In short, Descartes is critiquing what we can refer to as a ‘reign of specialists’, where each specialist has his own little sub-domain, and no one is allowed to cross domains. The imperative is to stay in your lane. And when something in life occurs which does not pertain to your chosen domain of specialization, the imperative is to not think for yourself, but to listen to the expert of this specific domain.
Descartes continues:
“Distinguishing the sciences by the differences in their objects, they think that each science should be studied separately, without regard to any of the others. But here they are surely mistaken. For the sciences as a whole are nothing other than human wisdom, which always remains one and the same, however different the subjects to which it is applied, it being no more altered by them than sunlight is by the variety of the things it shines on. Hence, there is no need to impose any restrictions on our mental powers; for the knowledge of one truth does not, like skill in one art, hinder us from discovering another; on the contrary it helps us.” (Rules for the Direction of the Mind, Rule One)
Descartes wants to strengthen common sense, thought, so that we are ready to deal with whatever it is that might come our way. This is to protect from the dangers of specialization. The specialist is hyper-prepared for the things that pertain to his domain of specialization, but concerning every other question that life throws at him, he is completely unprepared. And thus, he will have to rely on other experts.
Descartes saw where this was going, and hence the importance of rule 1, which is an explanation of this idea we find here in the title of the Search for Truth. We must think by way of our natural light, to determine “what opinions a honest man should hold on any matter that may occupy his thought.”
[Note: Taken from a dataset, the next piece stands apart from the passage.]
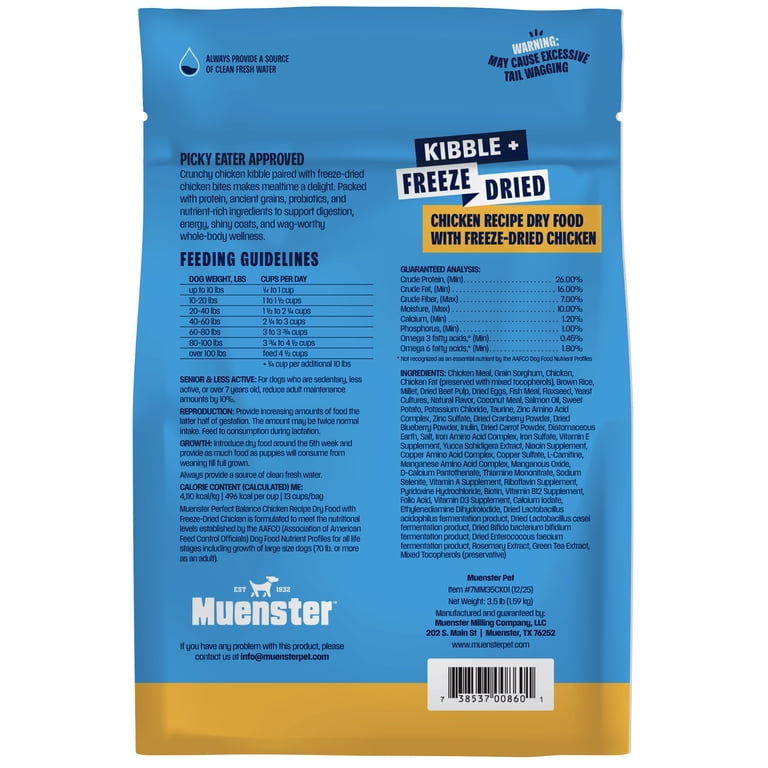 Muenster Perfect Balance Chicken Kibble with Freeze-Dried Bites, 3.5 lb photo 8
As we said, Descartes’ problem is that he sees that the most knowledgeable people know the least of all. In terms of the problem of specialization, those who know the most about one thing, have come to know the least in general. It is as if the sciences and philosophy are confronted with this problem; ‘how to find the truth amongst this enormous complexity that the world offers?’ And they have sort of given up, and say exhausted; if I can’t grasp the truth anyway, I might as wel just specialize in one specific area, at least in this way I will have a better chance of finding some truth.’ Descartes senses the weakness in this attitude, and he refuses to specialize. He will go on, he will find the truth. He will not give up.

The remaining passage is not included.